Many of the game’s other ideas are repurposed from traditional tropes. There’s a handful of puzzles that are snappy to solve, though never feel unique to the franchise itself. Redirecting lasers to open doors could have been lifted straight out of any other game and, well, I’m pretty sure finding a safe code on the back of a picture is in every other VR game.
Your late-game encounter with the Daleks, meanwhile, results in fine, formulaic stealth segments followed up by a fun, forgettable on-rails shooter. For Who diehards, these moments will no doubt delight, but they don’t disguise relatively stripped back game mechanics. They help round it out to a respectable two to three-hour runtime, which I tackled in one sitting without ever feeling bored, if not always illuminated.

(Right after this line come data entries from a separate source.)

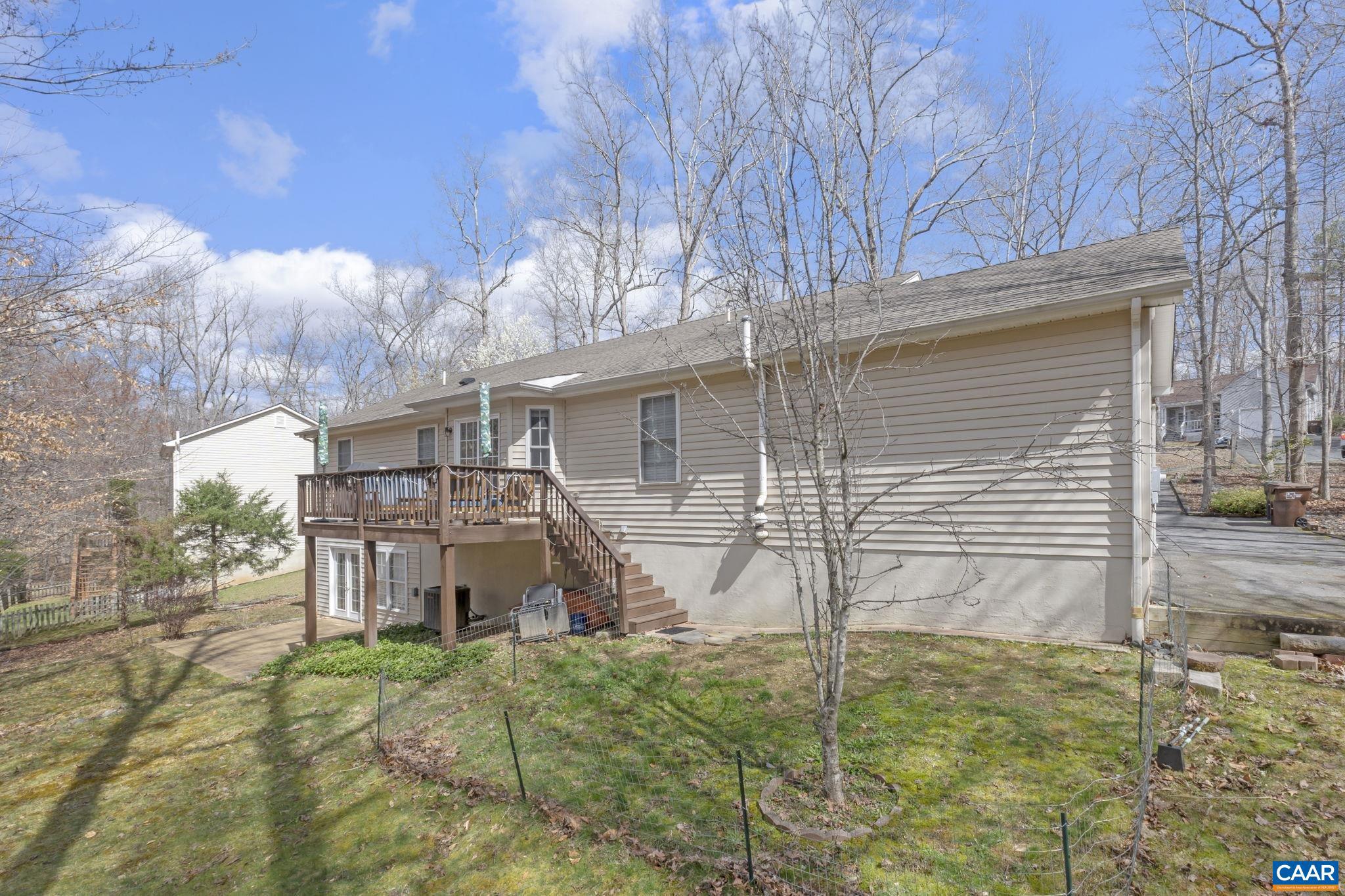 LAKE MONTICELLO - Residential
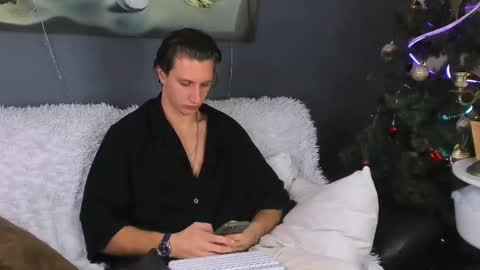 bubblecum_ online show from January 13, 8:27 pm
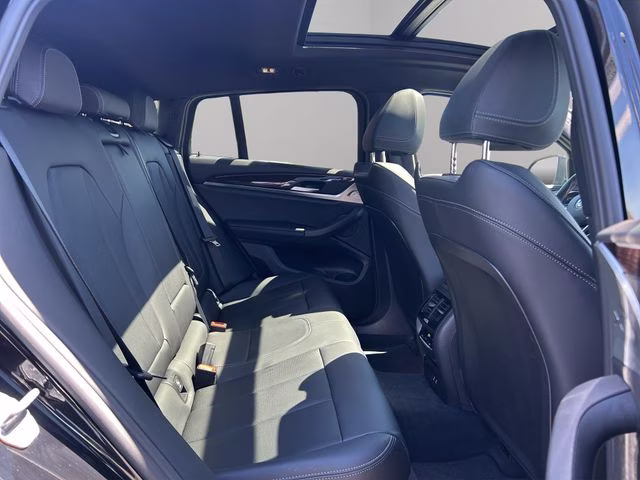 2025 Jet Black BMW X4 xDrive30i AWD SUV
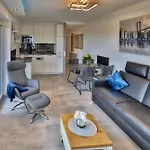 Terrassenhaus, 77 Апартаменты Куксхафен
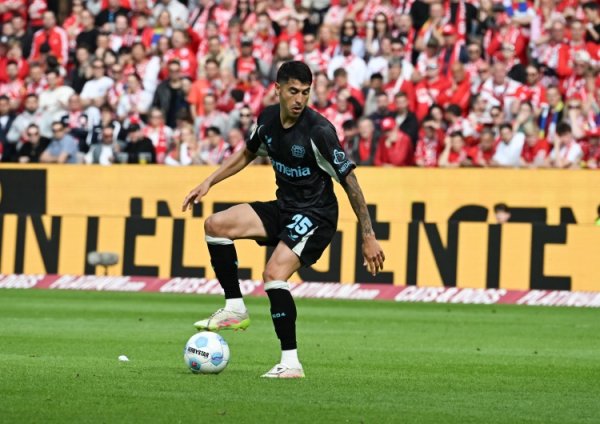 Reporter: Pharmaceuticals are still waiting for Jeddah national quotes Palacios. If postponed, they will consider the Premier League quotes.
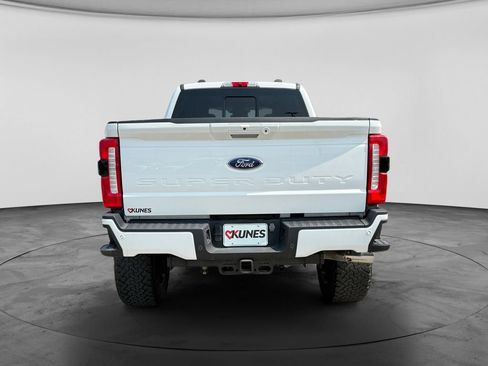 Used 2023 Ford F250 Lariat w/ Lariat Ultimate Package AWD/4WD image 9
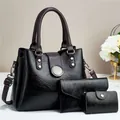 Set di 3 borse nere in ecopelle lucida con trama increspata e dettagli metallici argentati - Tote + Pochette + Porta carte (28*13*21cm) / Nero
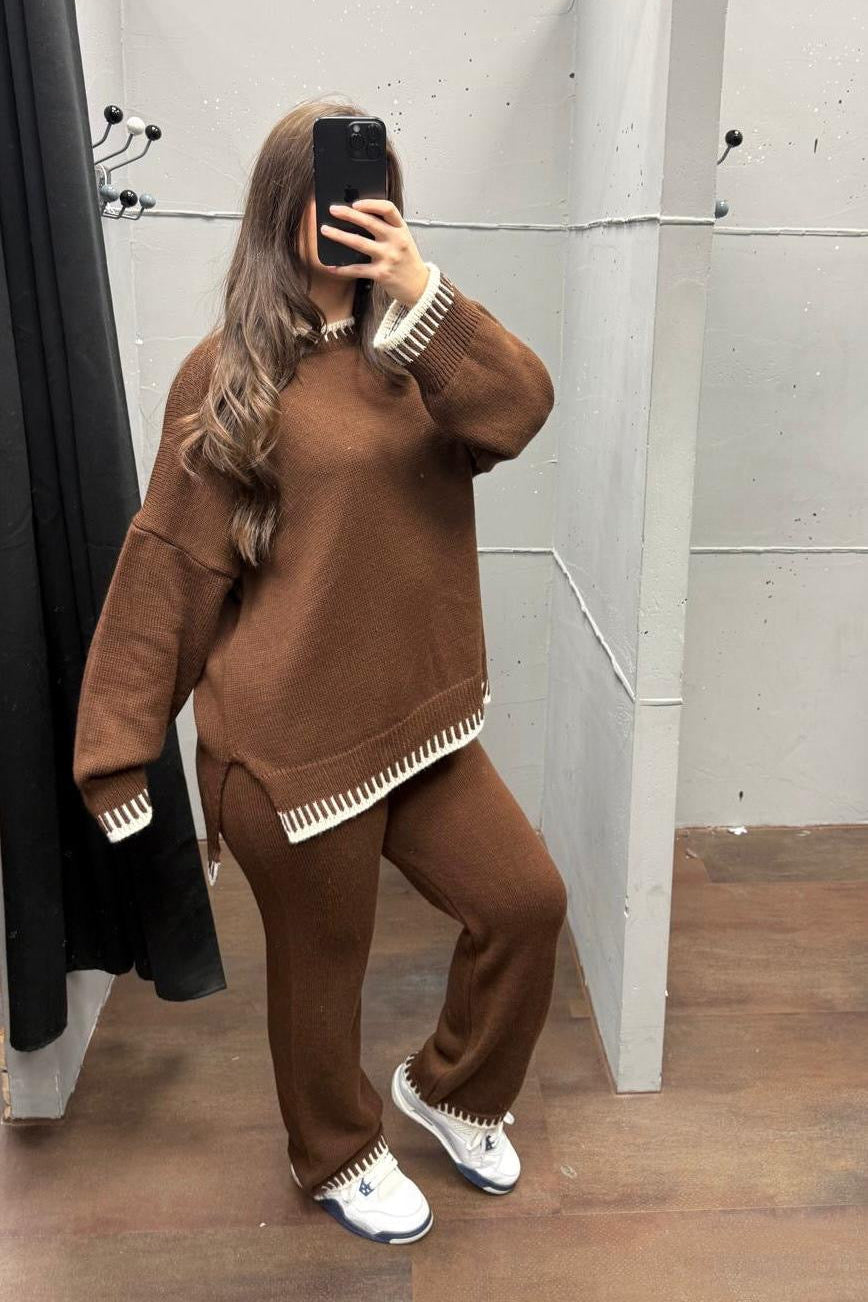 Gemütliches Strickset - Pullover &amp; Hose Set
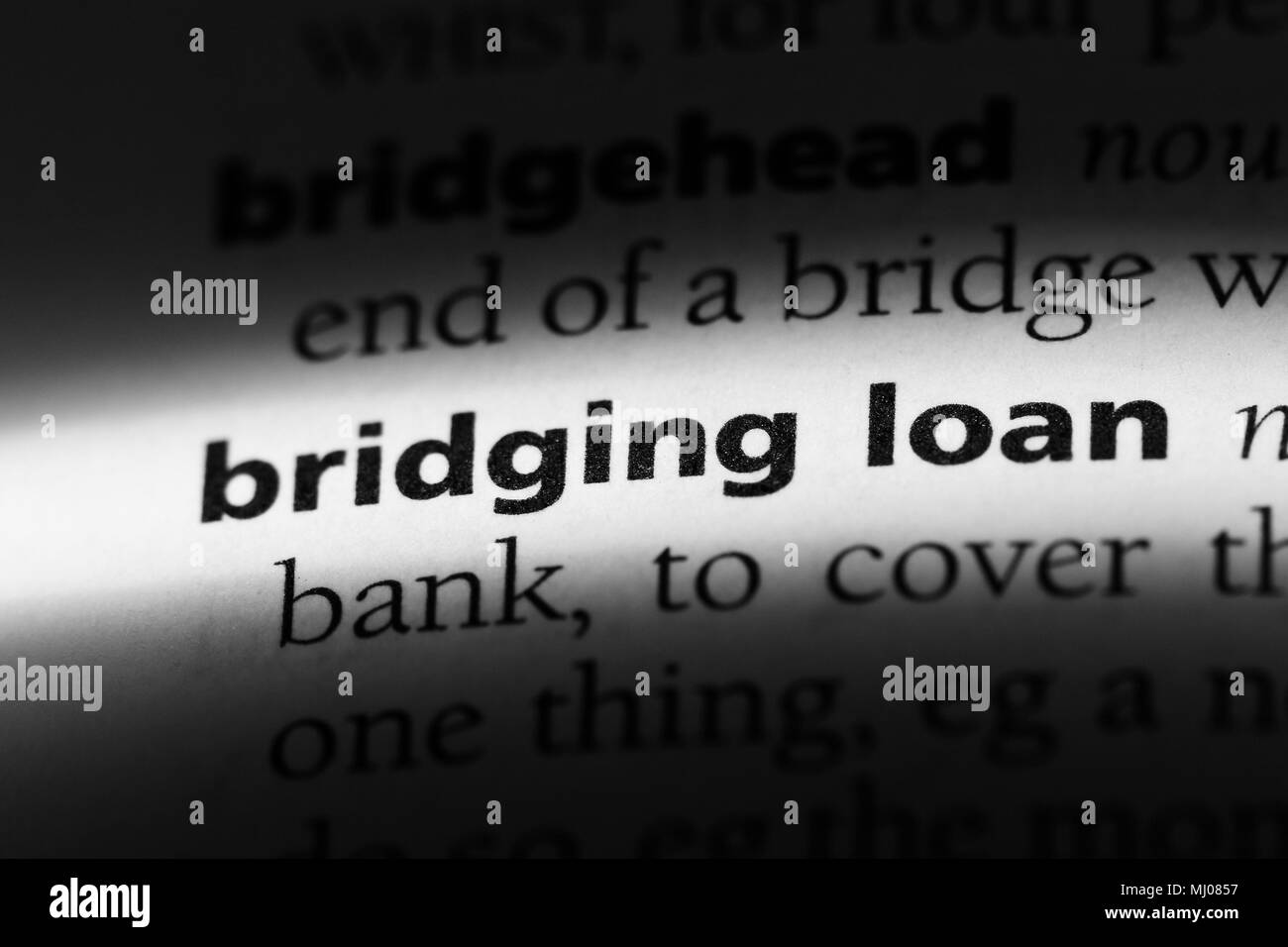 Un prestito ponte parola in un dizionario. un prestito ponte concetto. Foto Stock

Perhaps Doctor Who’s biggest enemy is Doctor Who itself. There’s so much wacky potential for a feature-length VR game here that meeting those expectations is almost impossible. We saw just a snapshot of that in the BBC’s excellent Runaway VR short, an animation bursting with the charm, wit and invention the series is known for stuffed into 13 minutes. The Edge of Time is grittier, deeper even, but it doesn’t match the personality, bravado or intuition of control. Perhaps there’s a lesson to be learned there.
Who is at its best when there’s a hook; a gimmick so playful and innovative that anyone can get carried away in the madness that ensues. Instead of testing those waters, The Edge of Time settles for bringing the series’ most tried and true elements directly into headsets in hopes of winning over dedicated fans. It plays more like a rejected episode of the TV series rather than something that fully embraces its platform. The Who faithful be satisfied in that safety, I suspect, but I personally can’t help but wish this was a little more dangerous.
Final Score: 3/5 Stars | Just Okay
Note: We are changing our review scheme to a five-point scale, without half points, rather than a 10-point scale with half points like before. All past reviews will stay as they are, but all future reviews (that includes games, non-game apps, hardware, and more) will all be reviewed using the same five-point star rating scale. Expect the visual representation of this new scale to change with a more attractive style soon.